**Your goal:** What you write should match, word for word, the lines from the one containing "The Synapse 3D" through the end of the data, with no pictures.

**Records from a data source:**

#####

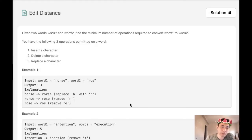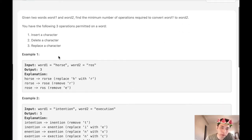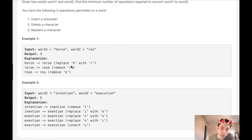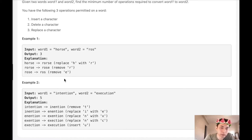Welcome to Maze Lead Code Challenge. Today's problem is edit distance. Given two words, word one and word two, find the minimum number of operations required to convert word one to word two. You have three operations permitted: insert a character, delete a character, or replace a character. For instance, given the words 'horse' and 'Ross', we return three — replace H with R, remove the R at the third position, remove the E at the last position, and we end up with 'Ross'. This is the minimum number of steps required.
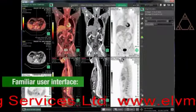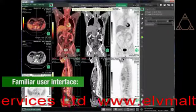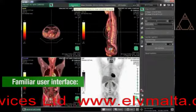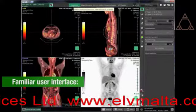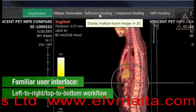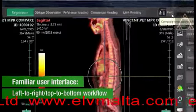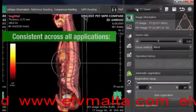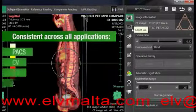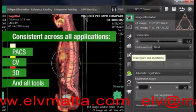The Synapse 3D user interface was designed to be familiar to Synapse PACS and cardiovascular users. The left-to-right, top-to-bottom workflow is consistent across all Synapse applications, as well as all of Synapse 3D's tools.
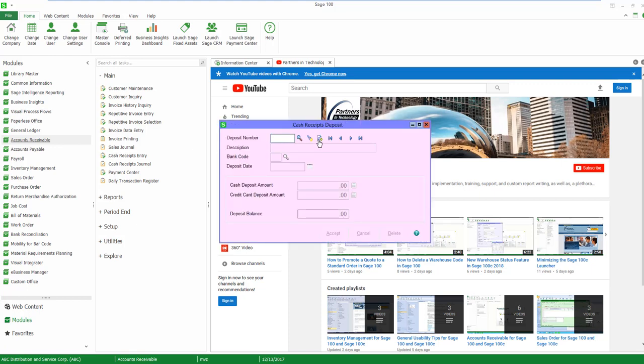I'm just going to select the next deposit number. I'm going to use my bank code D and I'm going to use today's date and I'm going to do a $50 deposit.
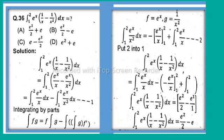Substituting equation 2 into equation 1: integral from 1 to 2 of e^x(1/x - 1/x²) dx equals integral from 1 to 2 of e^x/x dx, minus [negative e^x/x evaluated from 1 to 2, plus integral from 1 to 2 of e^x/x dx].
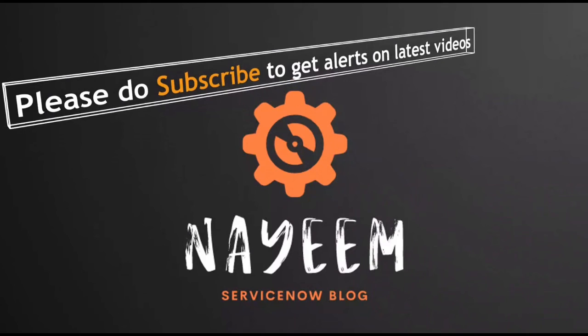Please do subscribe to get alerts for upcoming videos. Hope you will enjoy online ServiceNow. Thank you very much for your time.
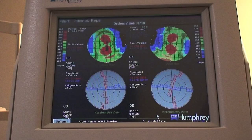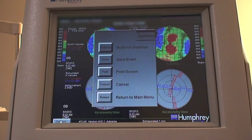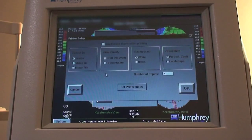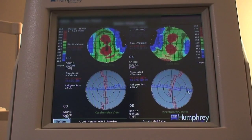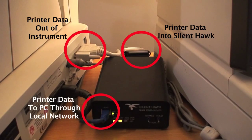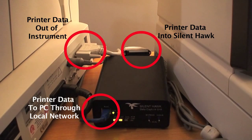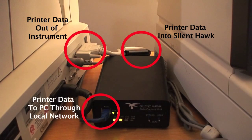We will start by demonstrating this with a Zeiss Atlas topographer. This Zeiss Atlas is running on a Windows 95 operating system. To use iPaperless, you simply pull up the instrument's report and click on Print. Our SilentHawk box, connected to the printer port of the instrument, then routes the printer data through the local network into a PC, where it is then digitized.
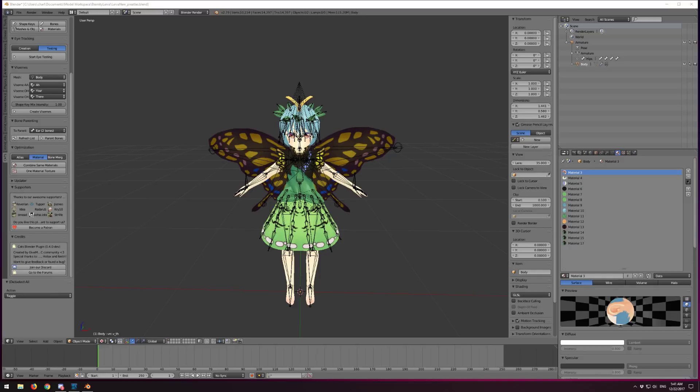Hello guys and welcome to another tutorial video for VRChat. This is one of a couple I'm going to be uploading fairly quickly over the holiday weekend. This particular video is on a technique I would call manual texture atlasing - I'll show you exactly what that means in a moment.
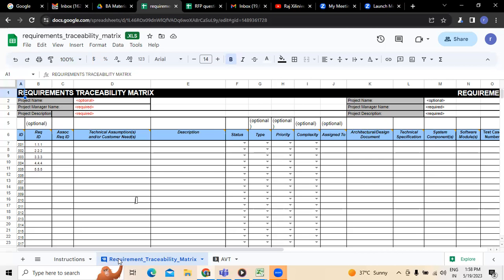To have a better understanding of RTM, I am explaining this on an Excel sheet so that you will understand it well. This is what generally a requirement traceability matrix looks like on an Excel sheet. Here we need to mention the project name, whatever the project name we have. Followed by the project name, we have to provide the project manager's name, whoever the project manager is. Then the description of the project, whatever project we are working on, has to be mentioned equally.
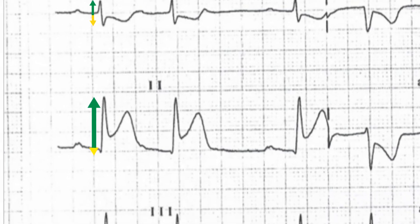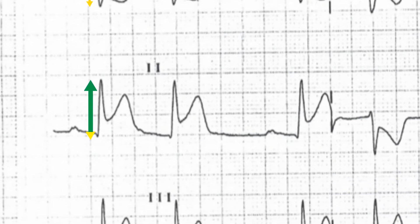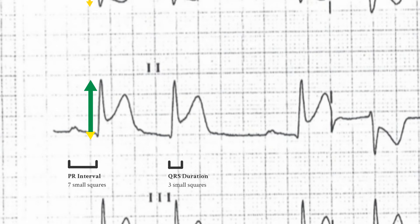The PR interval measures 7 small squares and is therefore prolonged. The QRS complexes are 3 small squares in duration and are therefore normal.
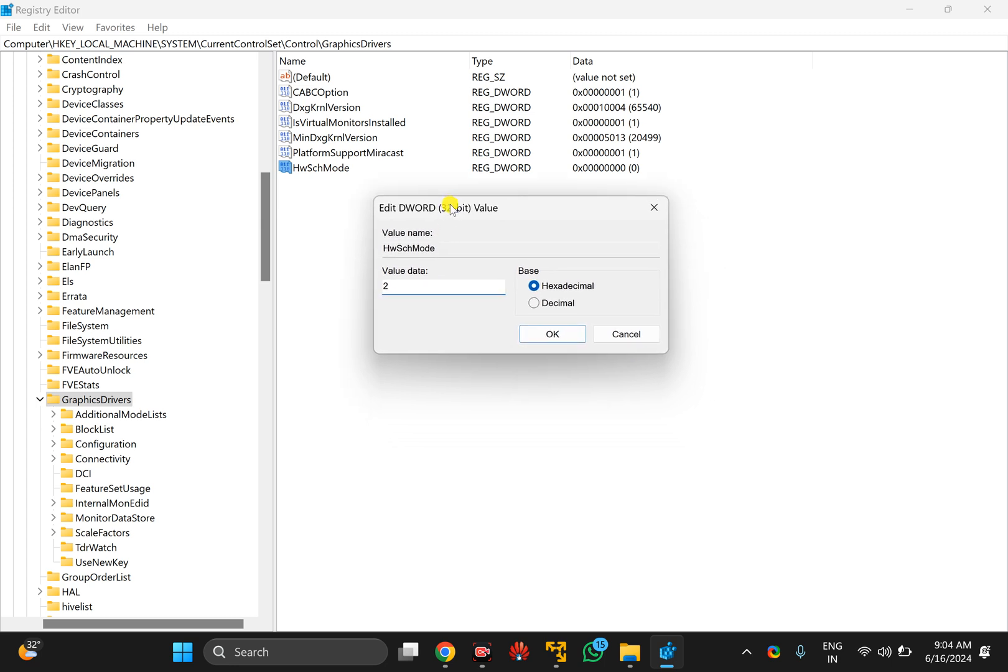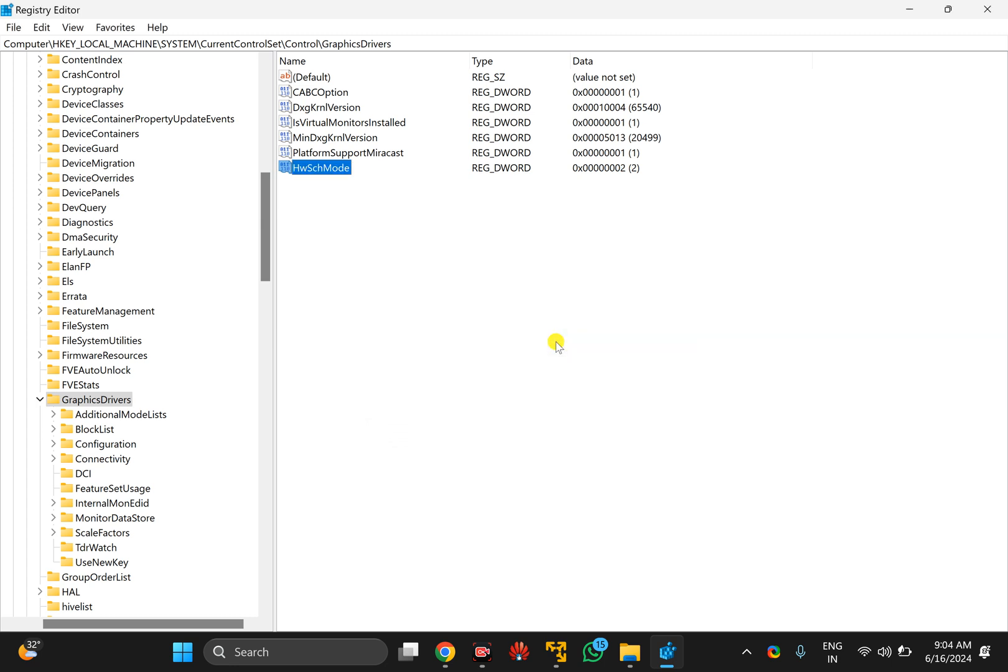After entering your desired value data, click on the OK button and then restart your PC once to apply the changes.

#####

**Answer box:**
The Synapse 3D user interface was designed to be familiar to Synapse PACS and cardiovascular users. The left-to-right, top-to-bottom workflow is consistent across all Synapse applications, as well as all of Synapse 3D's tools.
I'm just going to select the next deposit number. I'm going to use my bank code D and I'm going to use today's date and I'm going to do a $50 deposit.
Substituting equation 2 into equation 1: integral from 1 to 2 of e^x(1/x - 1/x²) dx equals integral from 1 to 2 of e^x/x dx, minus [negative e^x/x evaluated from 1 to 2, plus integral from 1 to 2 of e^x/x dx].
Please do subscribe to get alerts for upcoming videos. Hope you will enjoy online ServiceNow. Thank you very much for your time.
We will start by demonstrating this with a Zeiss Atlas topographer. This Zeiss Atlas is running on a Windows 95 operating system. To use iPaperless, you simply pull up the instrument's report and click on Print. Our SilentHawk box, connected to the printer port of the instrument, then routes the printer data through the local network into a PC, where it is then digitized.
Hello guys and welcome to another tutorial video for VRChat. This is one of a couple I'm going to be uploading fairly quickly over the holiday weekend. This particular video is on a technique I would call manual texture atlasing - I'll show you exactly what that means in a moment.
To have a better understanding of RTM, I am explaining this on an Excel sheet so that you will understand it well. This is what generally a requirement traceability matrix looks like on an Excel sheet. Here we need to mention the project name, whatever the project name we have. Followed by the project name, we have to provide the project manager's name, whoever the project manager is. Then the description of the project, whatever project we are working on, has to be mentioned equally.
The PR interval measures 7 small squares and is therefore prolonged. The QRS complexes are 3 small squares in duration and are therefore normal.
After entering your desired value data, click on the OK button and then restart your PC once to apply the changes.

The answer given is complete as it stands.